硫黄アニールによる鉄カルコゲナイド系超伝導体のJc向上効果

Sulfur annealed Fe-chalcogenide superconductors: effect on Jc


出口 啓太 (ジェック東理社); 高野 義彦 (NIMS); 金子 充宏 (ジェック東理社)


Abstract:鉄カルコゲナイド系は鉄系超伝導体の中でも最も単純な構造を有しており,超伝導層のみが積層している.この系は層間に過剰な鉄が存在し,超伝導を阻害する事が知られているが,我々は酸素・有機酸アニールを施すと過剰鉄の効果が抑制され超伝導特性が向上する事を発見した.

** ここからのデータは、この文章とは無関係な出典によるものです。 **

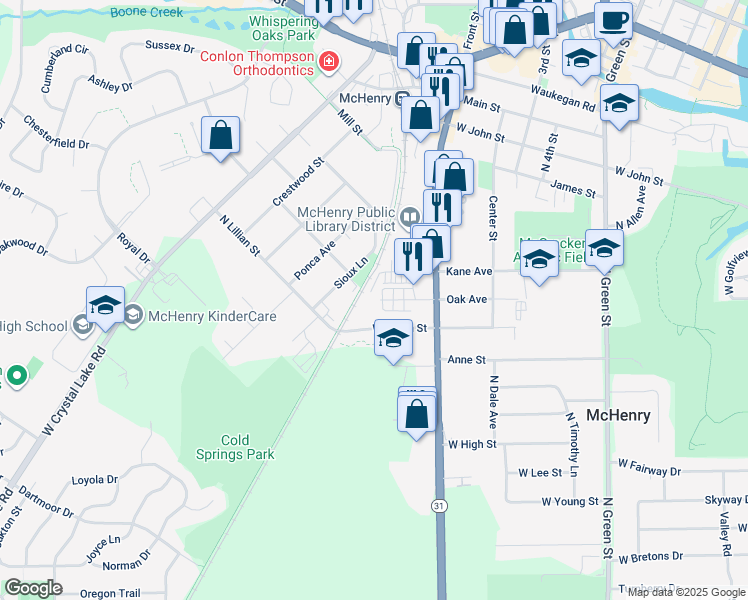 map of restaurants, bars, coffee shops, grocery stores, and more near 4021 Kane Avenue in McHenry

これまでPIT法による鉄カルコゲナイド系の線材化が取り組まれてきたが,他の鉄系に比べるとそのJcは低い.アニールを施した試料を用いれば高いJcの発現が期待できるが,従来のアニール法ではガス雰囲気や水溶液中での加熱を要するため,試料をシースに入れるPIT法への適用は困難であった.

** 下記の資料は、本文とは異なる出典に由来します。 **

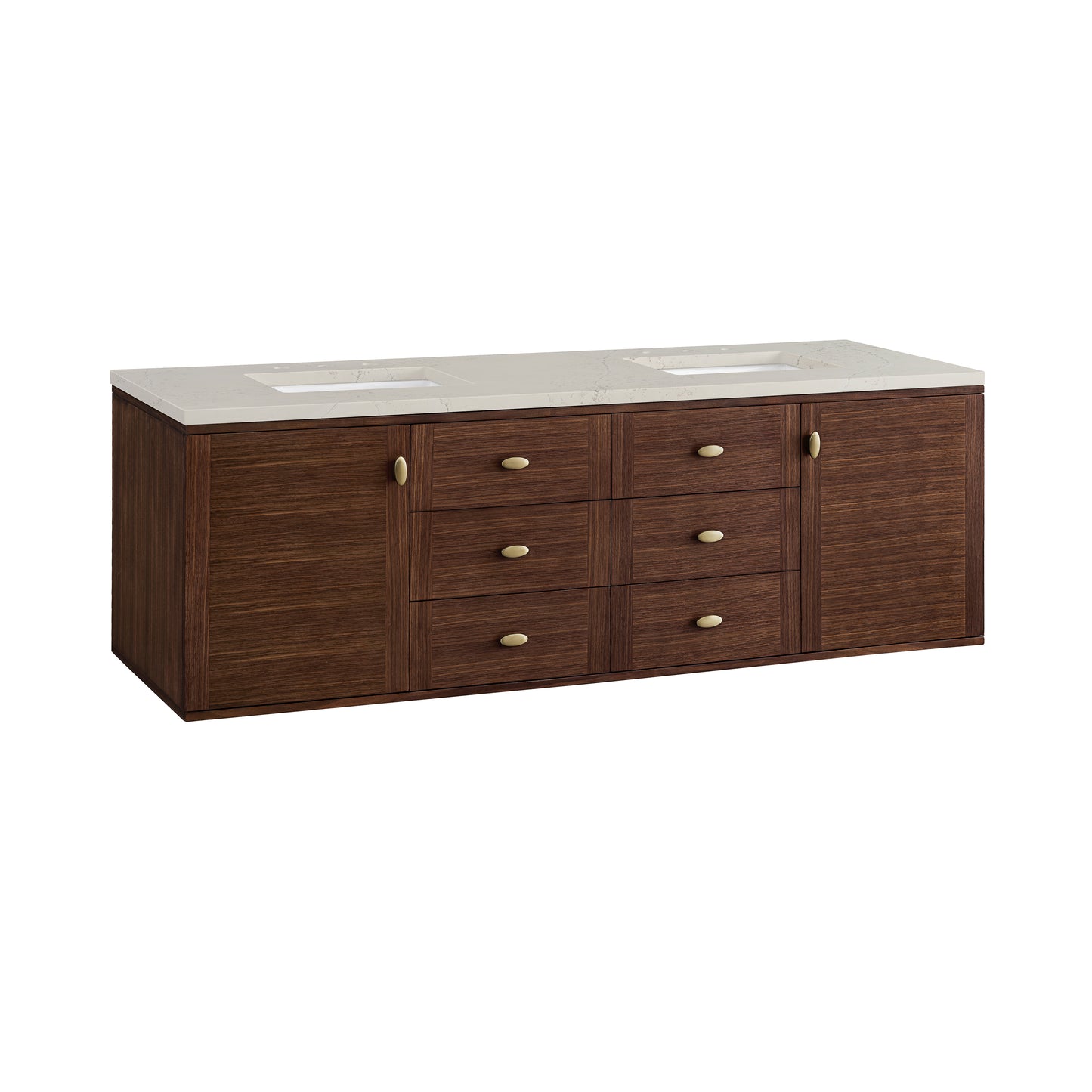 Renovate for Less Atlanta Amberly 72" Double Vanity, Mid-Century Walnut, w/ 3 CM Siberian Silestone Top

最近我々は,PIT法に適用できる方法として硫黄アニール法を開発した.この方法は試料に硫黄を添加し,アニールすることで硫化鉄を形成し過剰鉄効果を抑止することが出来る.更に線材へ応用した場合,形成された硫化鉄がピンニングセンターとして働くことも期待できる.本発表では鉄カルコゲナイド系超伝導体のJc向上を目指し,硫黄アニールを試みた結果を報告する.